It is not my task to speak about my country but to draw some guidelines from a European point of view concerning peace among nations.

Nations are sometimes the result of a deal between winners and losers of armed conflicts. Had borders been drawn along ethnic and cultural principles, the map of the European continent would be different. In this respect the founding of the European Union was a unique act of forgiveness and peaceful outcome of armed conflicts between powerful states.

After World War II, the founding fathers of the European Union started by establishing in 1953 a common authority for Coal and Steel, binding industries that could have produced weapons into agreements of cooperation and mutual information.

When in 1957 the Treaty of Rome established the European Community among its six founding members, Germany and France, Italy and the three members of Benelux (Belgium the Netherlands and Luxembourg), the main ambition was to preserve peace on the continent.

I have to abbreviate the historical background that took us from 6 to 28 member states. The enlargement by ten member states in 2004, 25 years after the fall of the Berlin Wall, was seen as the beginning of a new era, shaping a new map for Europe after the agreements in Yalta, the fall of the Iron Curtain and the end of the Cold War. Or so we thought!

After the compulsory movement of millions of people during and after the two wars, followed by the assimilation and humiliation of the displaced persons, the legacy of Hitler and Stalin is still haunting European policy today.

It was surely one of the most crucial decisions taken by the leaders of the European Union not to change borders, although this was not satisfactory to many and has led to great debates in many member states.

The Charter of Fundamental Rights, submitted in 2007 with the Lisbon Treaty to agreement by the member states, enables all the citizens of the European Union to live in a space of free jurisdiction, ensuring each person’s individual rights with respect to religious and cultural beliefs.

The acceptance by 28 governments to submit to a supra-national union, aiming at a union of citizens while preserving the shape of nation states, has not been promoted well enough.

Could this serve as a model for world wide peace, as it is until now a unique way of governance?

The numerous recent conflicts tell us that not only governments and dictators are deciding the course of events but also the people. Remember Tahrir Square in Cairo, Taksim Square in Istanbul, and Maidan Square in Ukraine.

The war in Ukraine is a painful moment in the history of the European continent. Since 2004 and the Orange Revolution in Ukraine, no diplomatic efforts, including talks with Russia, have achieved success.

The weakness of the EU resulting from the commercial interests of some of the member states has not enabled the Union to adopt a unanimous position. The energetic dependence on Russian gas as well as the export of goods and technology have made the EU a hostage of President Putin.

Integration cannot become synonymous with assimilation; cultural diversity is the true wealth of the EU. Our challenge is to say that a better knowledge of the history and the culture, the language, the music and the religion of the other -- accompanied by respect for traditions and values -- should make it possible to live together peacefully.

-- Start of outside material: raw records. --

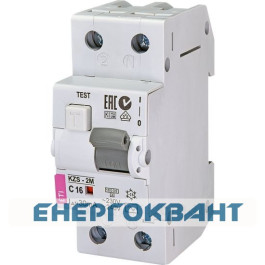 Автомат диференційний ETI KZS-2M 16А / 30мА
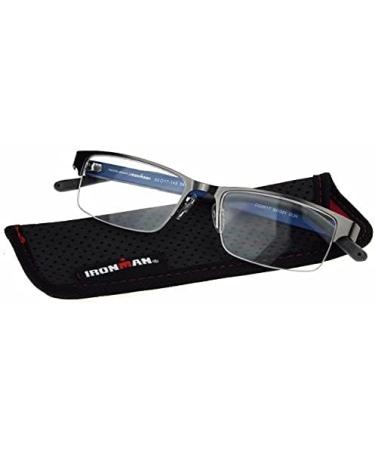 Buy Ironman 1001 Gunmetal Reading Glasses +2.75 with Case - Foster Grant International Shipping - Buy Online on GoSupps.com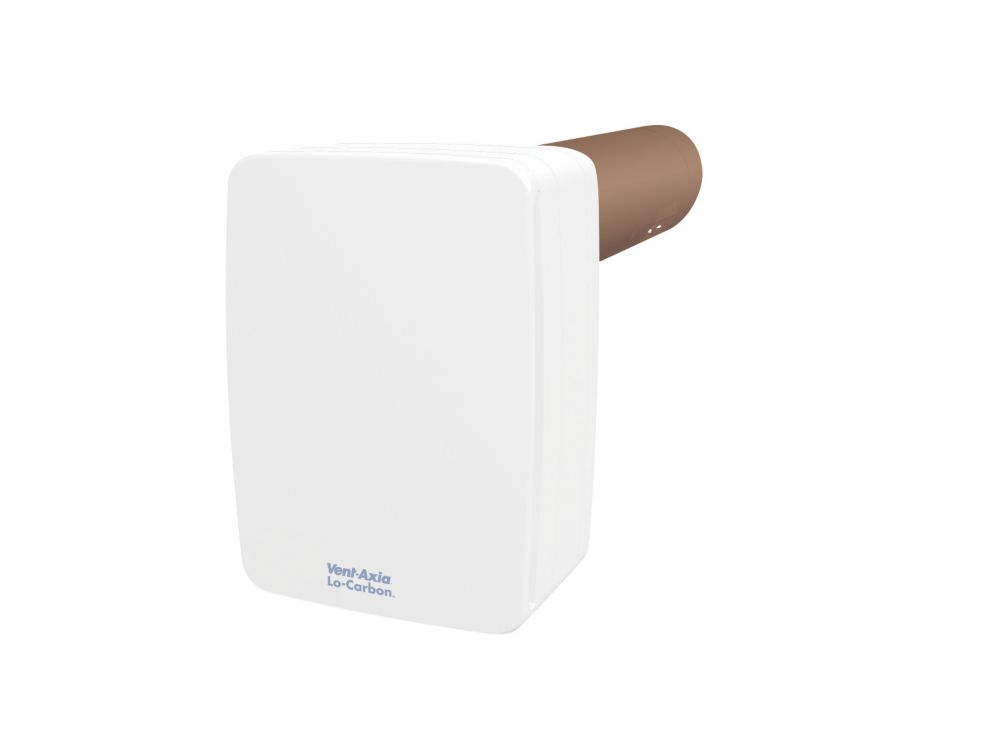 Vent-Axia 443311 100mm Centrifugal Bathroom Heat Recovery Unit with Humidistat & Timer White 220-240V - 11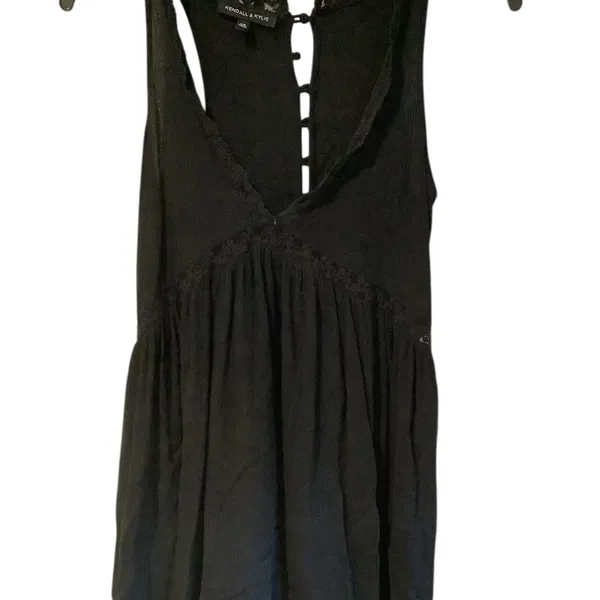 Kendall & Kylie Black Lace Detail Top - Image 6
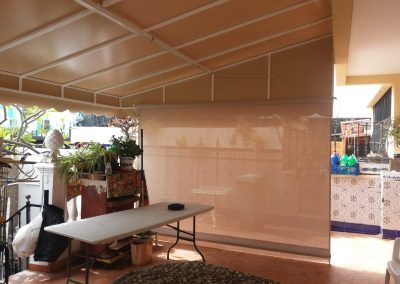 Instalación de toldo fijo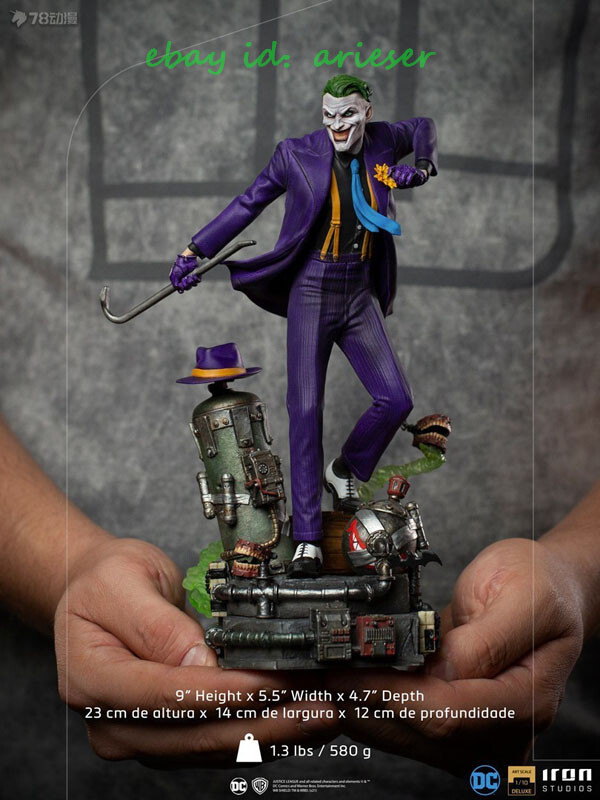 Iron Studios Animation Series 1/10 The Joker Deluxe Statue In
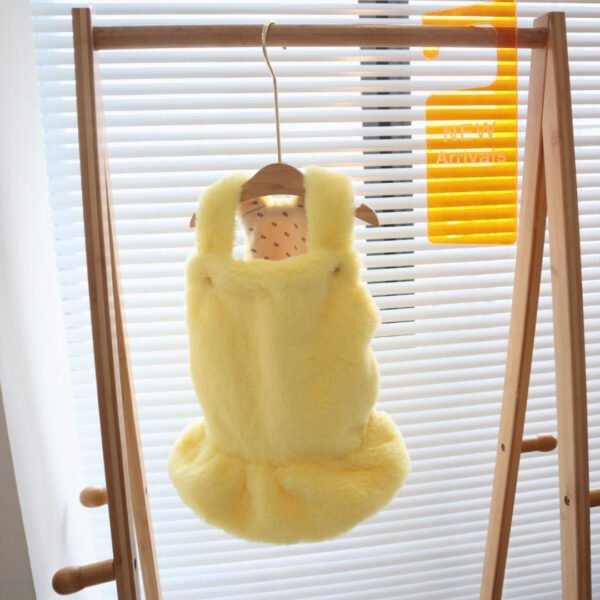 Dog Clothes Pet Autumn And Winter Warm Rabbit Fur Princess Skirt - Image 3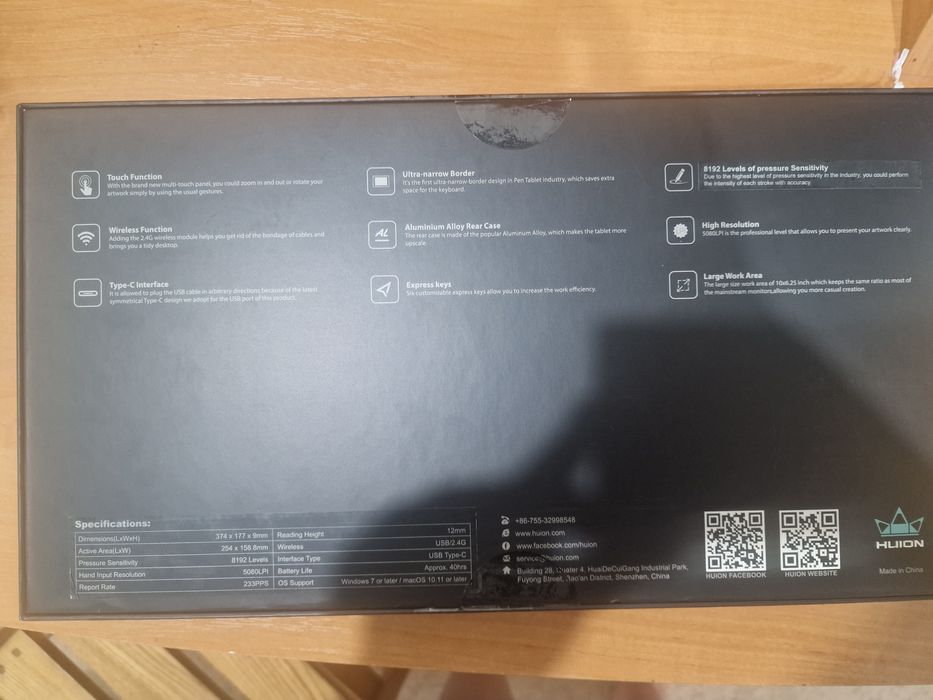 Графічний планшет( графический планшет) huion g10t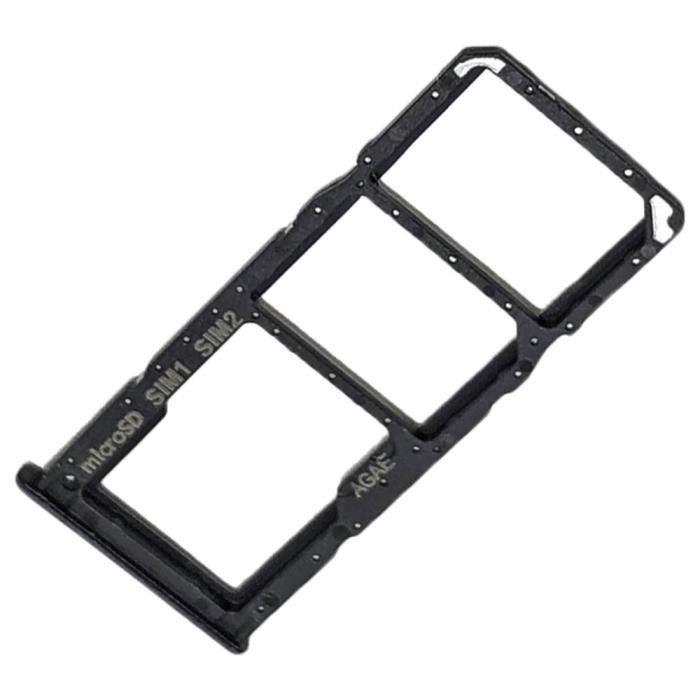 Tiroir Carte Dual SIM et Support Micro SD pour Samsung Galaxy A71 Piece de Remplacement Original - vue 2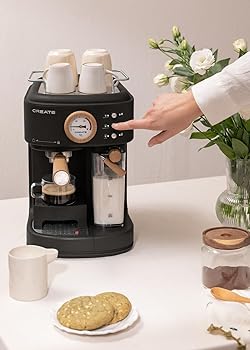 CREATE THERA RETRO PRO Cafetera Express semiautomática capacidad 1,5l6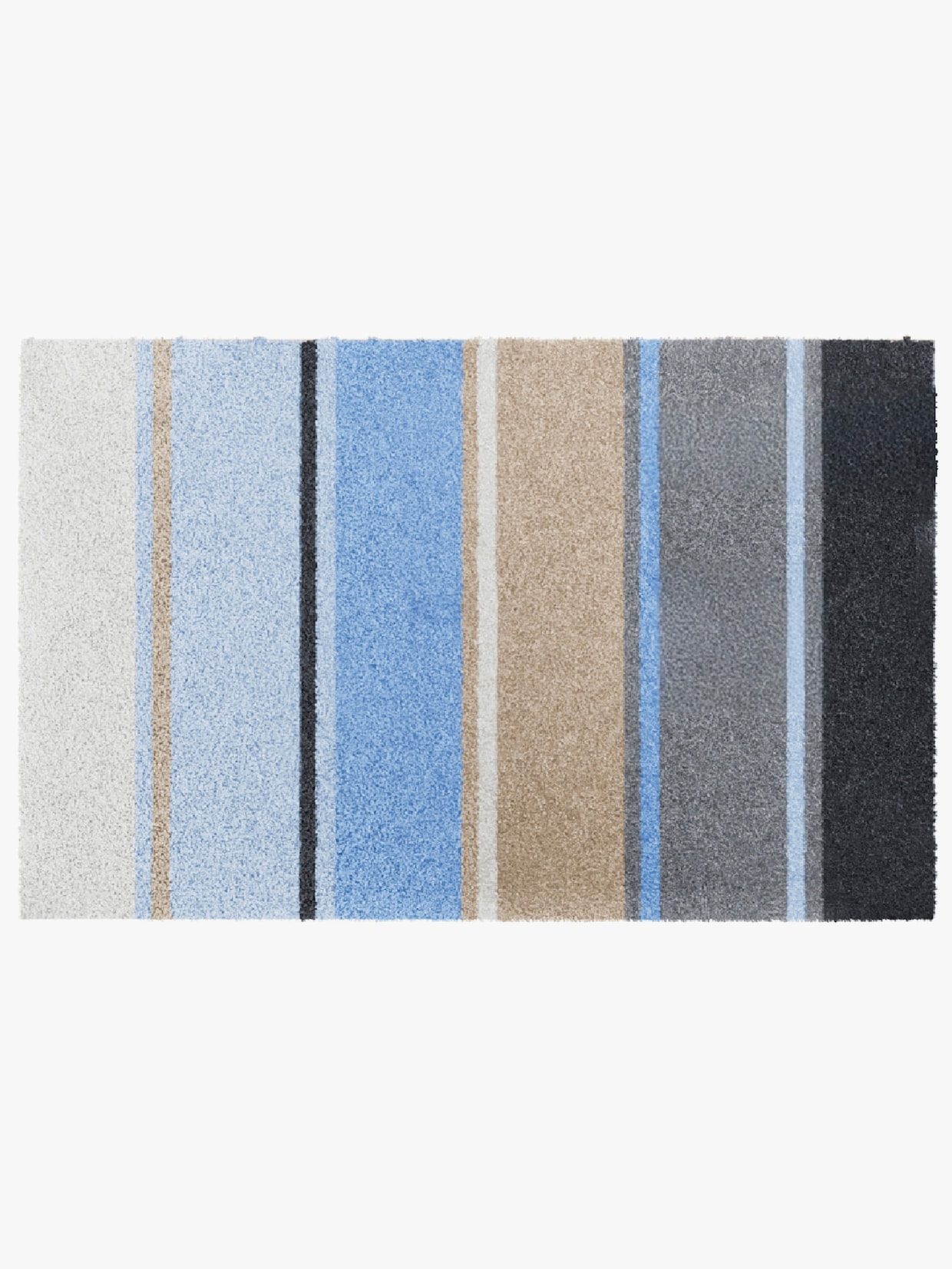 Grund Badematte - blau-taupe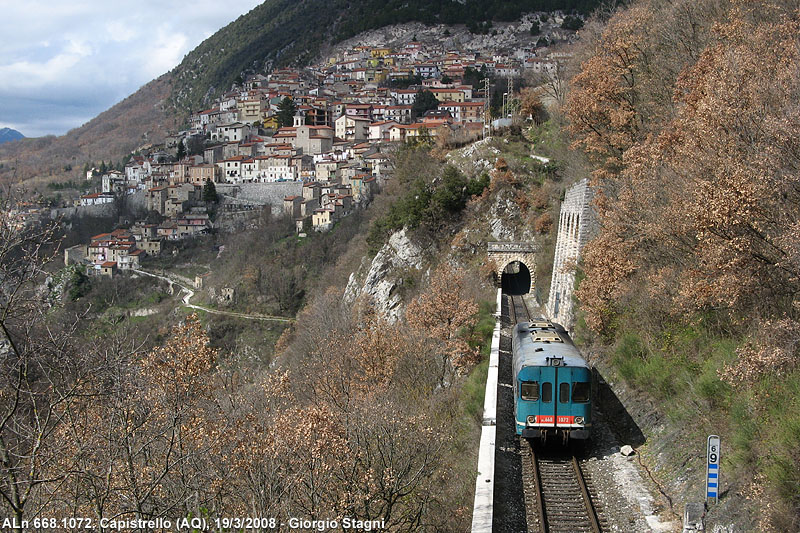 Ripostiglio di paesaggi ferroviari - Capistrello.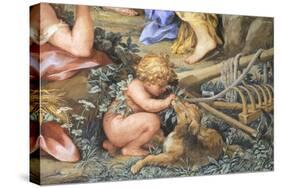 The Silver Age or Rather Quiet Life Devoted to Sheep Farming and Agriculture-Pietro da Cortona-Stretched Canvas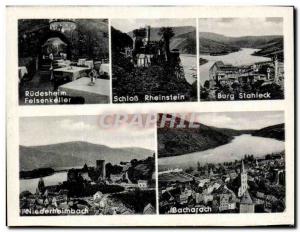 Postcard Modern Niederhaimsbach Bacharach Burg Stahleck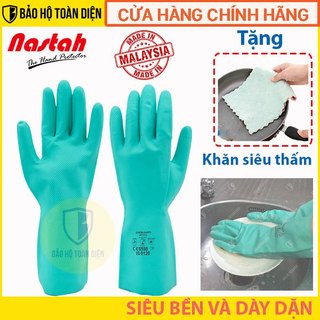 [Tặng Khăn] Găng tay rửa chén bát, giặt giũ Malaysia _không mùi, chống hóa chất siêu dai, siêu bền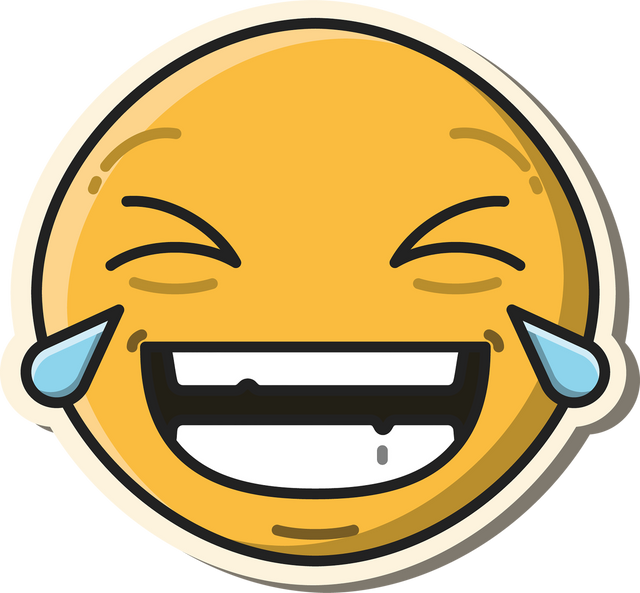 Yellow Emoji Laughing to Tears on Transparent Background - Download Free Stock Videos Pikwizard.com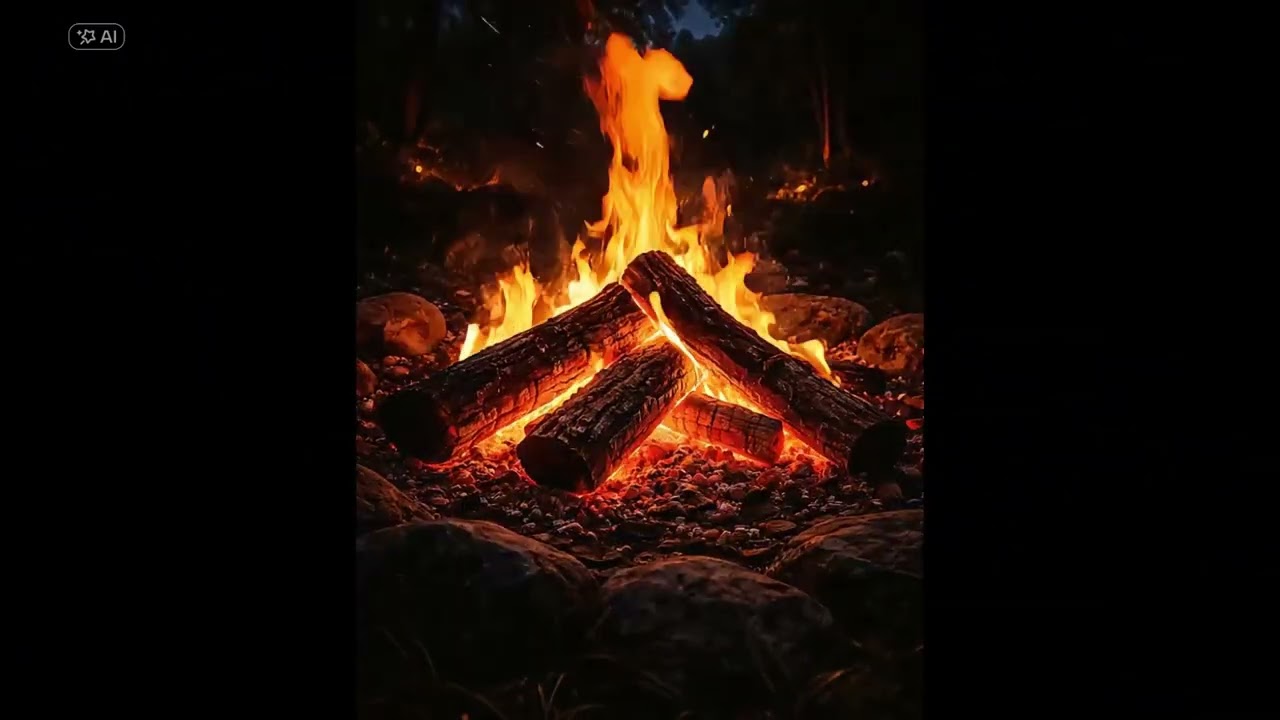 Cinematic Fireplace Ambience in 4K | Slow Firelight for Rest & Stillness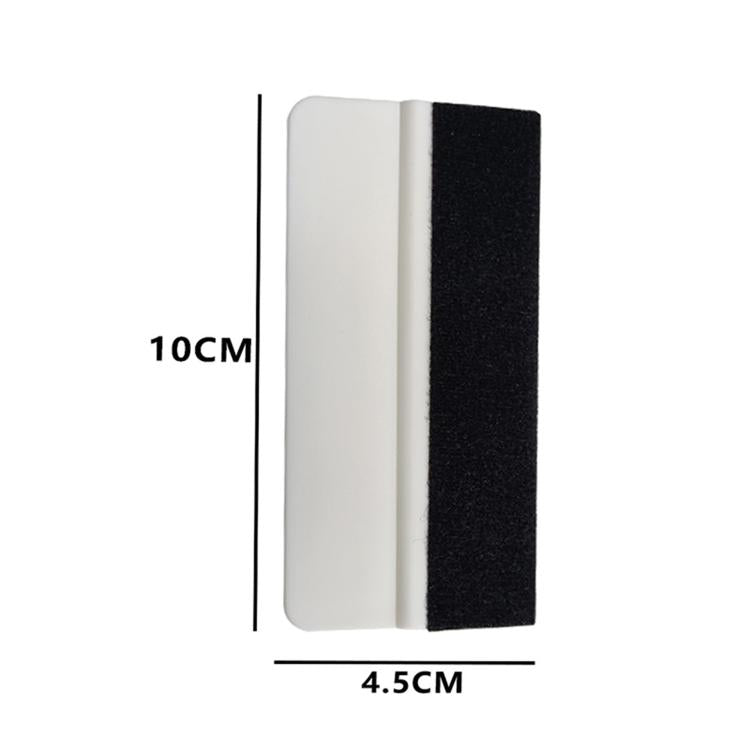 5pcs With Felt Car Film Tool Anti-scratch Small Scraper - White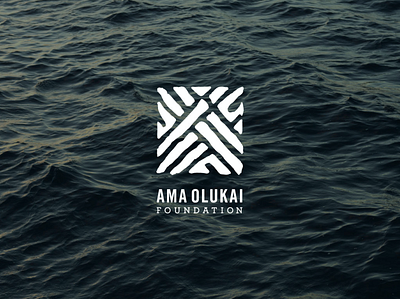 Ama OluKai Foundation Logo branding design hawaii icon logo logo design non profit typography vector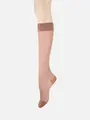 ultra sheer socks ハイソックス ピンクペシェ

Fifty million refugees worldwide are the challenge of a century that started as the first century without State colonizers.

The most crucial and deeply distressing question, however, is the ongoing development of militarism.

Who sold and continues to sell all the weapons killing thousands of people today in Ukraine, in Gaza, in Syria and in so many places in Africa?

Winston Churchill said: "The empires of the future will be empires of the mind."

Investment in soft power, cultural diplomacy and peacebuilding missions as tools for reconciliation should be the worldwide initiative for religious and state leaders, for universities, and for each person on the globe.